|
|
|
(yazarı saptanamadı)
05.01.2006
İlki 1996 yılında düzenlenen
Bursa Edebiyat Günleri'nin onuncusu ve belki de sonuncusu, 23-24 Aralık 2005
günlerinde gerçekleştirilmiştir.
Geçmiş yıllarda Büyükşehir
Belediyesi BKTSV (Bursa Kültür Sanat ve Turizm Vakfı) tarafından
gerçekleştirilen etkinlik, bu yıl, kağıt üzerindeki verilere (ilan, afiş
vb.) göre, Büyükşehir Belediyesi tarafından organize edildi. Gerçi
görünürdeki bu değişim fiiliyatta geçerli değildi. Çünkü gerek
organizasyonun arka plânını çekip çevirenler, gerekse davetli şair-yazarlar,
geçmiş yılların olumsuzluğunu taşıyordu.
Peki, genel intibaya göre
organizasyonu ve katılımcı ekibi değişmeyen Bursa Edebiyat Günleri’nin
sonuncusunda değişen bir şeyler yok muydu? Elbette vardı: etkinlik
formatının değişmesi bunlardan birincisidir. Zira, şimdiye kadar bu
etkinlik, Nisan-Mayıs ayları içinde yapılıyordu. Bu yıl Aralık ayının son
haftasına sıkıştırılması, yasak savma ve bir şeyleri aklama düşüncesinin bir
tezahürü değil miydi?
Bu arada,
pek çok problemi taşımış olmalarıyla birlikte, ilk dokuz etkinlik, ana
gövdeyi oluşturan üç günlük sempozyumun yanı sıra konser ve sergilerle halka
açık okumalar şeklinde gerçekleştirilmişti. Sonuncu Edebiyat Günleri ise
güdükleştirilmiş bir nitelik sergiliyordu. Öyle ki, etkinlik bir buçuk
günlük bir süreyle sınırlandırılmıştı.
Bu bir yana, yeni formata "imza günü" adı
altında, piyasaya hakim birkaç medya grubuyla bağlantılı? seçilmiş bir iki
yayınevine ait birkaç masalık tezgâhın eklenivermesi, programın hangi amaca
hizmet ettiği konusunda tereddütler oluşturuyordu? Üstelik davetli pek çok
şair ve yazarın bu yayınevlerinden eser yayımlamış olmaları, bir kısmının
malûm medya kuruluşlarını temsil pozisyonunda bulunması, tereddütleri
artırıyordu.
Sonuncu
Bursa Edebiyat Günleri’nde görülen bir diğer değişiklik, kalitesizliğin
iyice artması, deyim yerindeyse zirveye çıkmasıydı. Bunu, etkinliğin
yıllardan beri temcit pilavı gibi öne sürülen amaçlarına temas ederek
açıklamaya çalışalım.
Bu amaçlar son etkinlik için de dile
getirilmiştir: "Bursa’nın ulusal alanda ses getiren kültürel
etkinliklerinden biri haline gelen Edebiyat Günleri’nin bu yıl da edebiyatın
sorunlarını gündeme getirmesinin yanı sıra yeni nesle edebiyat sevgisi
aşılaması amaçlanıyor." Oysa ne etkinliğe davet edilen edebiyatçılar millî
ve genel edebiyat dünyamızı tam temsil etme yeterliliğindeydi, ne de ele
alınan konular söz konusu dünyanın sorunlarını gündeme getirme niteliğinde?

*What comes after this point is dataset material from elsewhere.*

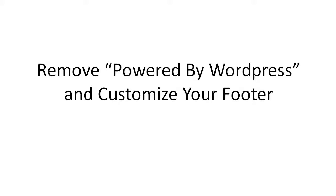In this video I'm going to show you how to remove the Powered by WordPress words that are at the bottom of your WordPress site and customize your footer. Let's get started.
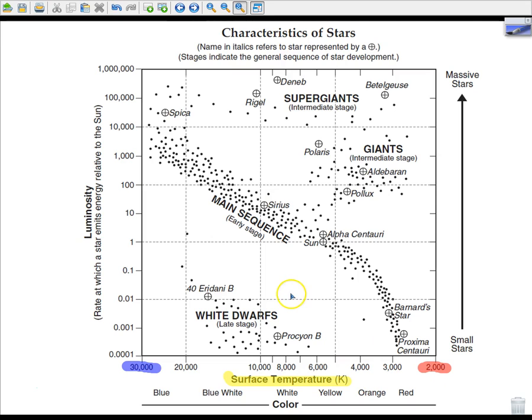The other interesting thing about this is it also has colors of stars. A blue star is hotter than a blue-white star, which is hotter than a white star, hotter than a yellow star, hotter than an orange star, and finally the coldest star is a red star. So the phrase 'red-hot' does not apply to stars — blue-hot would actually be the proper terminology.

İşte etkinliğe davet edilenlerden bazıları: Nevzat Çalıkuşu, Nahit Kayabaşı,
Kemal Selçuk, Hakan Akdoğan, Metin Güven, Mustafa Durak, Necmi Gürsakal,
Zebercet Çoşkun, Nilüfer İşyar, Tuğrul Keskin, Alper Akçam, Derman Bayladı,
Sema Kaygusuz, Bilgin Adalı ve Meltem Arıkan. Bu isimlerden bazılarının
değişik sebeplerle (haklı olarak, etkinliği ciddiye almama da olabilir mi?)
programa katılmayışları ise, söz konusu temsil yeteneğine iyice darbe
indiriyordu.
Seviye düşüklüğü, etkinliğin daha ilk
adımında kendisini hissettiriyordu: Önceden açıklanan programa göre
Büyükşehir Belediye Başkanı Hikmet Şahin ve şair İlhan Berk tarafından
yapılacak açış konuşmalarıyla başlaması gereken etkinlik, her ikisinin de
katılmaması ile, daha ilk hamlede "fos bayrağı"nı göndere dikiyordu.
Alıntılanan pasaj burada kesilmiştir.